Ha sido, al menos desde que a raíz del Watergate se reforzara la separación entre la Casa Blanca y el Departamento de Justicia, el fiscal general que ha entendido de manera más maximalista los poderes presidenciales. William Barr fue algo así como el fiscal general soñado por un presidente como Donald Trump, que considera que tiene “el derecho legal” a intervenir en investigaciones judiciales. Le ha seguido en todas sus cruzadas, por más que comprometieran la independencia del departamento que dirige desde febrero de 2019 y que dirigió ya con Bush padre. Pocas semanas después de asumir el cargo, recibió el informe del fiscal especial de Robert Mueller sobre la trama rusa y, antes de que el público pudiera leerlo, Barr publicó un resumen tan edulcorado que un juez lo llamó “distorsionado” y “engañoso”. Calificó de “espionaje” las pesquisas del FBI sobre los vínculos de la campaña de Trump con Rusia, y abrió una investigación interna. Siguiendo el deseo de Trump, ordenó rebajar la recomendación de pena a su amigo Roger Stone, lo que provocó que cuatro fiscales se apartaran del caso y que más de 2.000 empleados del Departamento de Justicia firmaran una carta pidiendo la dimisión de Barr. Quiso retirar los cargos contra el exconsejero de Seguridad Nacional Michael Flynn, que se había declarado culpable en dos ocasiones de mentir a los investigadores federales. Pero ahora, en medio de la insólita batalla del presidente por revertir el resultado de las elecciones que perdió hace un mes, William Barr ha dicho basta. Y la relación del presidente con quien ha sido su brazo ejecutor se tambalea.

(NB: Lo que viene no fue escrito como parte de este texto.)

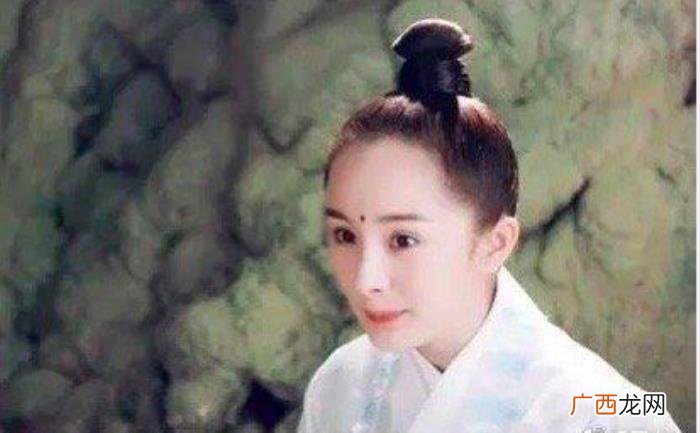 周洁琼脖子短，周洁琼脖子粗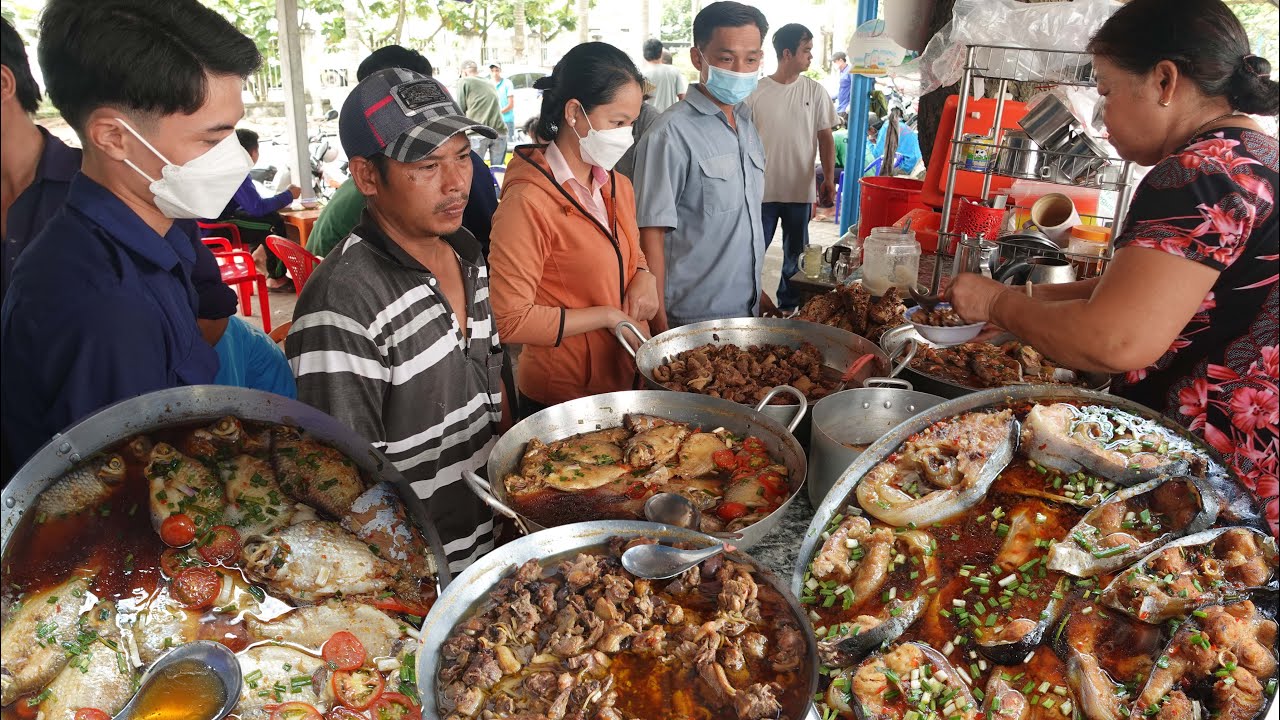 Quán cơm bao no, bao rau xanh, bao ngon mà giá cực kỳ bình dân hiếm thấy ở miền Tây//Phố Bụi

La semana pasada, Barr aseguró que el Departamento de Justicia no ha hallado el fraude electoral que denuncia el presidente. Trump y su entorno apenas disimularon su enfado. Preguntado por los periodistas, el mandatario no quiso decir si seguía confiando en Barr. “Pregúntenme dentro de unas semanas”, respondió, después de un incómodo silencio. Barr, según fuentes anónimas citadas por la prensa estadounidense, se está planteando presentar su dimisión antes de que el presidente termine su mandato el próximo 20 de enero.
Al principio se subió al barco. Durante la campaña electoral, Barr repitió todo cuanto pudo la advertencia del presidente de que el incremento del voto postal, debido a la pandemia, daría lugar a fraude electoral. Después de las elecciones, autorizó a los fiscales federales a investigar “alegaciones específicas” de fraude antes de que se certificaran los resultados, cuando lo normal es que el Departamento de Justicia espere a la certificación para investigar. Pero a medida que la batalla judicial de Trump coleccionaba fracasos y ridículos, crecía el silencio de Barr y el descontento del presidente.
La presión al fiscal general aumentó cuando, en una entrevista el 29 de noviembre en la cadena Fox, Trump dijo que el Departamento de Justicia y el FBI “pueden estar implicados” en el fraude electoral. Entonces Barr rompió su silencio. “Hasta la fecha, no hemos visto fraude a una escala que pudiera haber tenido como efecto un resultado diferente en las elecciones”, dijo a Associated Press el pasado miércoles.
Las declaraciones fueron a la vez que anunciaba que había nombrado fiscal especial al fiscal John Durham, a quien ordenó abrir una investigación sobre las pesquisas federales de los vínculos de la campaña de Trump con Rusia. Con el nombramiento, Durham goza de la misma protección contra un eventual despido que la que tuvo, por ejemplo, Robert Mueller, y queda blindado para poder seguir con las pesquisas durante la próxima Administración.
Con una de cal y una de arena, trató de contener la furia el presidente. Pero lo que necesita ahora Trump son aliados en su batalla por revertir, de una forma u otra, una derrota electoral que se resiste a admitir. Y Barr no le ha seguido hasta el final en su desafío definitivo. “No ha hecho nada”, dijo Trump sobre Barr a los periodistas el pasado jueves. El Departamento de Justicia y el FBI, lamentó el presidente, “no han investigado a fondo, lo cual es decepcionante, si les soy sincero”.